Una particolare attenzione va a quegli ambiti di frontiera dove le competenze della comunicazione visiva e del prodotto tendono a intrecciarsi.
Il dottorato si occupa anche delle proprie metodologie e dei propri strumenti di ricerca, senza alcun formalismo metodologico, ma individuando problemi e tematiche rilevanti, da affrontare con la convergenza di una pluralità di contributi disciplinari: oltre al disegno industriale e alle comunicazioni visive e multimodali, le scienze cognitive, le discipline storico-critiche, la semiotica, le scienze sociali, economiche e informatiche e le tecnologie digitali avanzate.
La prima tesi del dottorato è stata discussa nel novembre 2007.
I dottorandi sono organizzati in tre gruppi di ricerca dedicati al Basic design, alla Museologia del design, al Nano design.
> Il gruppo di Basic design conduce una ricerca il cui scopo è raccogliere l’eredità del basic (Bauhaus, New Bauhaus, Yale, Ulm ecc.) e promuovere gli sviluppi futuri del basic design (cinetico e dell’interazione). Attraverso l’organizzazione di seminari che sono anche workshop e attraverso la realizzazione di un programma di pubblicazioni (cartacee ed elettroniche), si intende approfondire la conoscenza di questa originalissima forma disciplinare (Basic Design Studies) e ci si propone di svilupparne le prospettive e le implicazioni nella didattica del design di oggi (New Basic Design).
> Il gruppo Museologia del design studia i temi inerenti la museologia e la museografia per il settore design, dalla storia alla teoria, dalle problematiche di conservazione e valorizzazione a quelle espositive, dalla comunicazione visiva all’allestimento, con una attenzione agli sviluppi delle ricerche attorno alle tecnologie avanzate (nanotecnologie, sistemi notazionali), che sono di costante riferimento per molti dei temi teorici e applicativi.

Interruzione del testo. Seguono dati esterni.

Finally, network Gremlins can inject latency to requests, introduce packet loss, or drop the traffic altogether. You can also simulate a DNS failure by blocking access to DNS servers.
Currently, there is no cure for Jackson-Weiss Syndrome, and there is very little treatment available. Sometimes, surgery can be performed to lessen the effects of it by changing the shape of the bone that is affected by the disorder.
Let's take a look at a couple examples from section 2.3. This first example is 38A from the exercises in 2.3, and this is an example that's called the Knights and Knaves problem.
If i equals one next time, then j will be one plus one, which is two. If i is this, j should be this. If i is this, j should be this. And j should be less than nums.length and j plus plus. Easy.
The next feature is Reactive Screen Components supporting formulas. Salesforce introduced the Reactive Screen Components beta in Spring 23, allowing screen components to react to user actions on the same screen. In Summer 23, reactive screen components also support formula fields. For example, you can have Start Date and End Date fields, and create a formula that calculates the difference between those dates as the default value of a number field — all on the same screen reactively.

> Obiettivo primario del gruppo Nano Design è l’esplorazione, con gli strumenti analitici e progettuali propri del design, di possibili applicazioni delle ricerche nel campo delle nanotecnologie.

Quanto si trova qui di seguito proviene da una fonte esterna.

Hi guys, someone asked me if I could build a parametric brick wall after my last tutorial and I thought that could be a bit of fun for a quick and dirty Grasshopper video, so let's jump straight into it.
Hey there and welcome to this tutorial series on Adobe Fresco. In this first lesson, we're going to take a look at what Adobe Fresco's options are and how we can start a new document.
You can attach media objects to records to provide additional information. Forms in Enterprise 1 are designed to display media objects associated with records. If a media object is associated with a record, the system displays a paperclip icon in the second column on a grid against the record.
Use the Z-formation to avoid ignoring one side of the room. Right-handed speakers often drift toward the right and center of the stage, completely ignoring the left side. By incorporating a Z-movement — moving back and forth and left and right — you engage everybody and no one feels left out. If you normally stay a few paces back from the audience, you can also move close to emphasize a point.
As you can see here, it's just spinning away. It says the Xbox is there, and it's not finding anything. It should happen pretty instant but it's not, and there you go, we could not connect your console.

Ugualmente importante è un secondo obiettivo: orientare mediante una ricerca sperimentale sulle applicazioni possibili e potenzialmente rilevanti la ricerca di base sulle nanotecnologie. Si profilano così interessanti opportunità di esaminare, mediante l’analisi di casi studio e la progettazione sperimentale, diverse forme di rapporto tra le innovazioni tecnologiche e le innovazioni di prodotto.